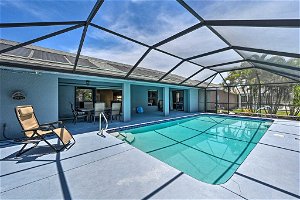Bright & Airy Cape Coral Home With Lanai & Pool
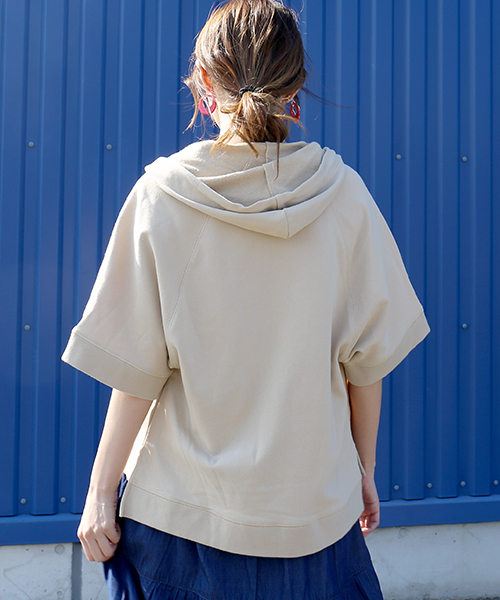 libelle more（リベル モア）の「半袖パーカー（パーカー・レディース・ブラック/ベージュ/オフホワイト/カーキ/モカ・FREE）」の12枚目の写真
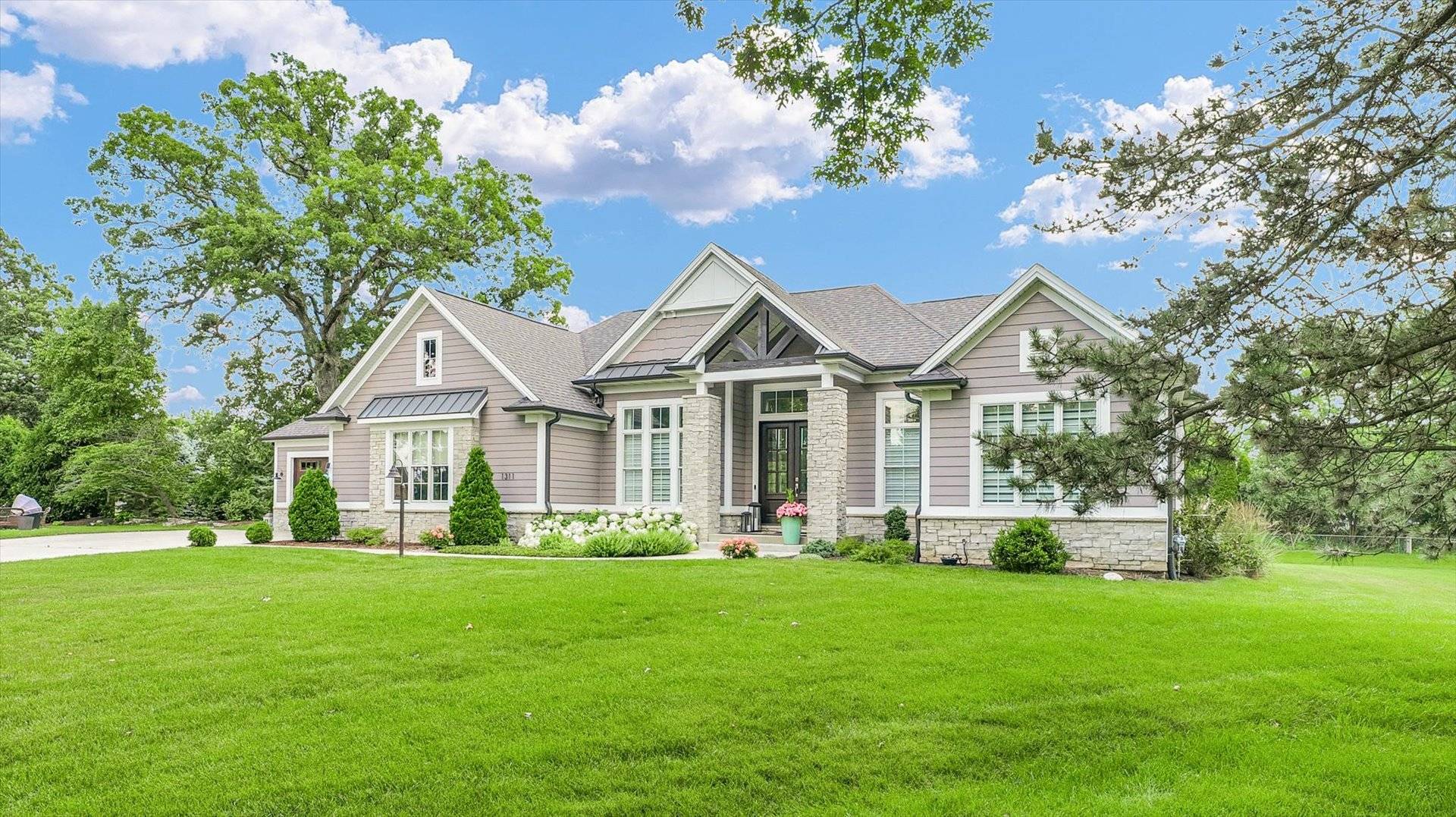 Mahomet, IL 61853,1311 Hickory Tree CT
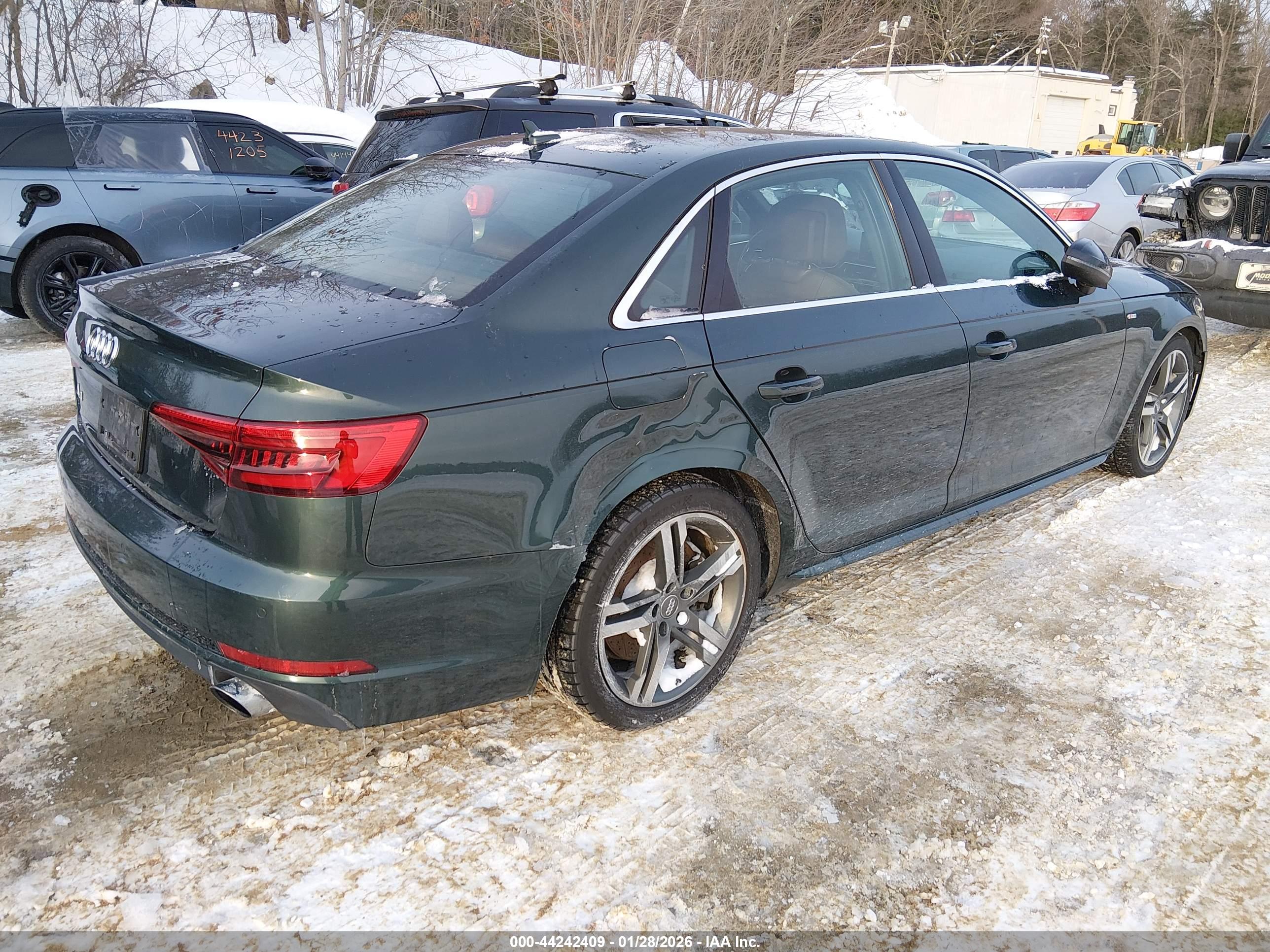 AUDI A4 image 4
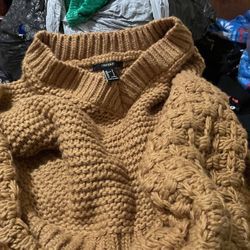 Forever 21 Sweater Small ?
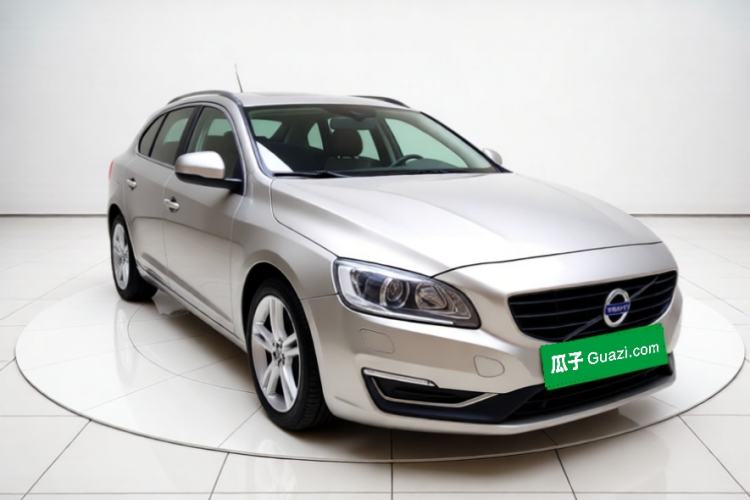Used Volvo V60 2017 T5 Zhiya Edition China V Standard Front Right 45 Deg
= = = = =
Aim of the exercise ▸
Return every entry unchanged and skip the pictures.

Output ▸
Bright & Airy Cape Coral Home With Lanai & Pool
 libelle more（リベル モア）の「半袖パーカー（パーカー・レディース・ブラック/ベージュ/オフホワイト/カーキ/モカ・FREE）」の12枚目の写真
 Mahomet, IL 61853,1311 Hickory Tree CT
 AUDI A4 image 4
 Forever 21 Sweater Small ?
Used Volvo V60 2017 T5 Zhiya Edition China V Standard Front Right 45 Deg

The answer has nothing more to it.